Deux ans avant l’échéance électorale, Édouard Philippe et Gabriel Attal, anciens premiers ministres d’Emmanuel Macron, se jaugent à distance, mais aucun des deux ne peut se permettre de rompre ouvertement avec leur mentor politique. Selon Le Monde – Politique, cette situation résulte d’une dépendance stratégique à l’égard du socle macroniste, sans lequel leur candidature à la présidentielle de 2027 apparaîtrait bien plus fragile.

Ce qu'il faut retenir

  • Les deux figures centristes, Édouard Philippe et Gabriel Attal, restent liées à l’héritage politique d’Emmanuel Macron malgré les tensions internes.
  • Les sondages servent de baromètre pour mesurer leur popularité respective, sans que l’un ou l’autre ne parvienne à s’affranchir totalement de l’influence du président sortant.
  • L’éditorialiste Françoise Fressoz, du Monde, souligne cette dynamique dans sa chronique politique, mettant en lumière l’impasse stratégique des deux hommes.

Le paysage politique français entre dans une phase de recomposition où les ambitions personnelles se heurtent aux réalités d’un électorat encore largement influencé par le macronisme. Édouard Philippe, premier ministre de 2017 à 2020, et Gabriel Attal, son successeur à Matignon jusqu’en 2024, incarnent deux courants distincts au sein de la majorité présidentielle.

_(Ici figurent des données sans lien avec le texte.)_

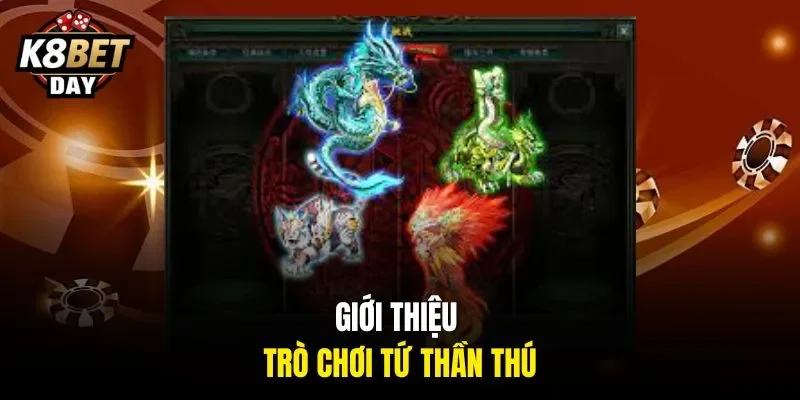 Giới thiệu trò chơi tứ thần thú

Pourtant, leur survie politique dépend encore en grande partie de la capacité à capter l’électorat modéré qui a porté Macron au pouvoir.

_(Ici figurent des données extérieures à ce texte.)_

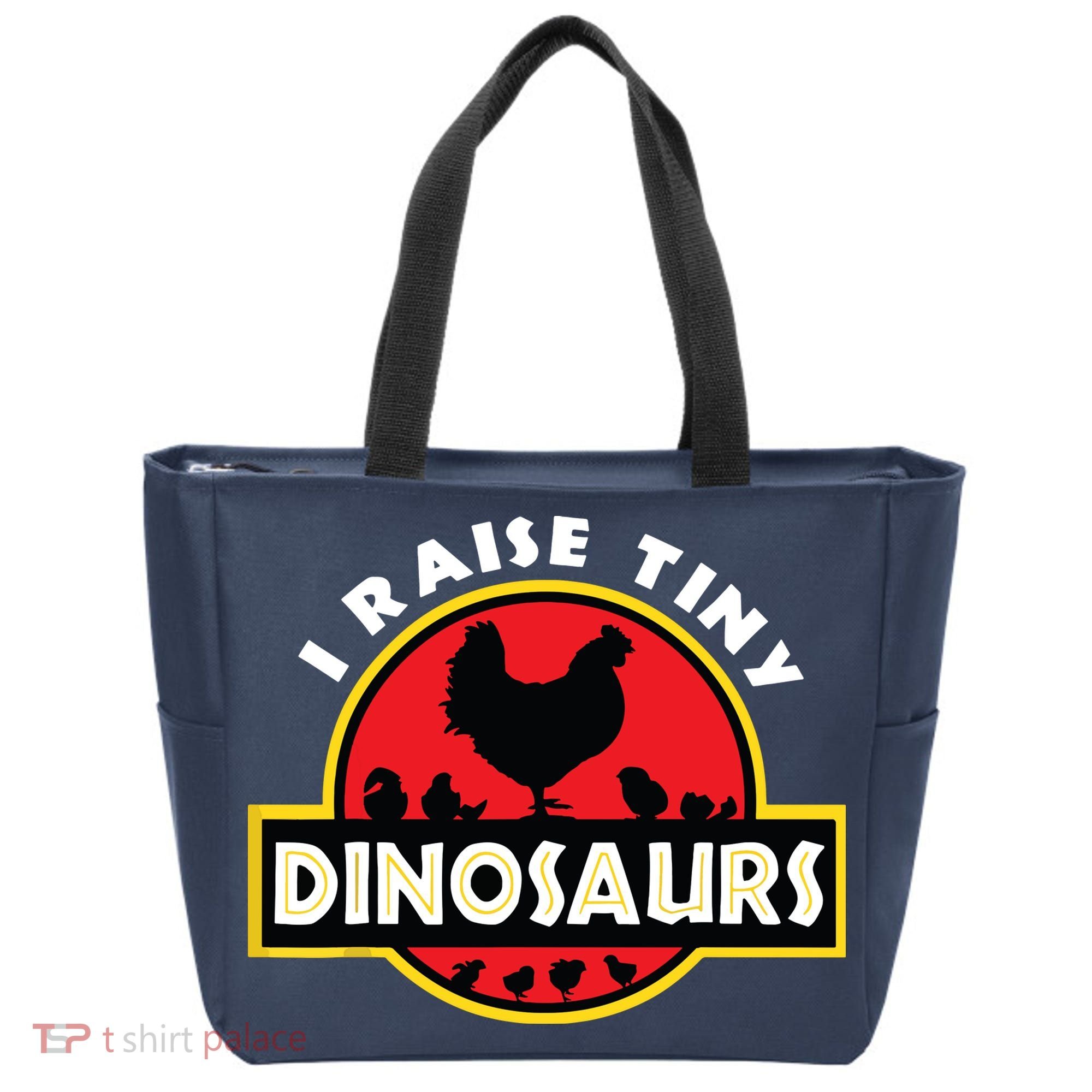 I Raise Tiny Dinosaurs Chicken Lover Tote Bag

Selon l’analyse de Françoise Fressoz, « les deux hommes se mesurent par sondages interposés »*, sans oser franchir le pas d’une rupture ouverte avec l’ancien président. Cette prudence s’explique par la crainte de perdre une partie de leur base électorale, construite autour des valeurs centriste et pro-européennes défendues par Macron. Gabriel Attal, qui a succédé à Philippe en 2024, bénéficie d’une image plus jeune et réformiste, mais son positionnement reste ancré dans la continuité du macronisme, au moins sur le papier.

Cette situation crée une forme de paradoxe : alors que les deux figures cherchent à se différencier pour séduire un électorat en quête de renouveau, elles restent prisonnières d’un héritage qu’elles ne peuvent ni assumer pleinement ni rejeter. Édouard Philippe, souvent perçu comme plus libéral et pragmatique, a tenté de se distancier progressivement de Macron après son départ de Matignon, sans pour autant rompre définitivement avec le mouvement Renaissance. Quant à Gabriel Attal, son ascension rapide au sommet de l’État l’a contraint à défendre une ligne politique très proche de celle de son prédécesseur, au risque de brouiller son image auprès d’un public en quête d’originalité.

« Les deux anciens premiers ministres d’Emmanuel Macron se jaugent par sondages interposés, sans pouvoir totalement rompre avec celui qui les a faits. »
Françoise Fressoz, éditorialiste au Monde

Les prochains mois s’annoncent décisifs. Les élections européennes de juin 2026 pourraient servir de premier test pour mesurer l’influence respective de Philippe et Attal au sein de la majorité. Si les résultats confirment une érosion du macronisme, les deux hommes pourraient être tentés de prendre leurs distances avec l’ancien président. À l’inverse, un score décevant pour Renaissance pourrait les pousser à s’allier, malgré leurs divergences, pour éviter une marginalisation politique.

Et maintenant ?

D’ici à la présidentielle de 2027, les deux anciens Premiers ministres devront trancher : soit ils assument pleinement une rupture avec l’héritage macroniste, soit ils acceptent de jouer les seconds rôles dans une alliance plus large. Les prochaines élections locales, notamment les municipales de 2026, pourraient leur offrir une tribune pour afficher leurs différences, mais aussi révéler leurs limites en termes d’autonomie politique. Une chose est sûre : leur capacité à séduire au-delà de l’électorat traditionnel du centre dépendra largement de leur capacité à incarner une alternative crédible, sans pour autant trahir les fondamentaux qui les ont portés jusqu’ici.

Cette tension entre fidélité et indépendance laissera peu de place à l’improvisation. Les prochains mois diront si Philippe et Attal parviendront à se libérer de l’ombre de Macron ou s’ils resteront prisonniers d’un héritage qui, à défaut de les unir, continue de les définir.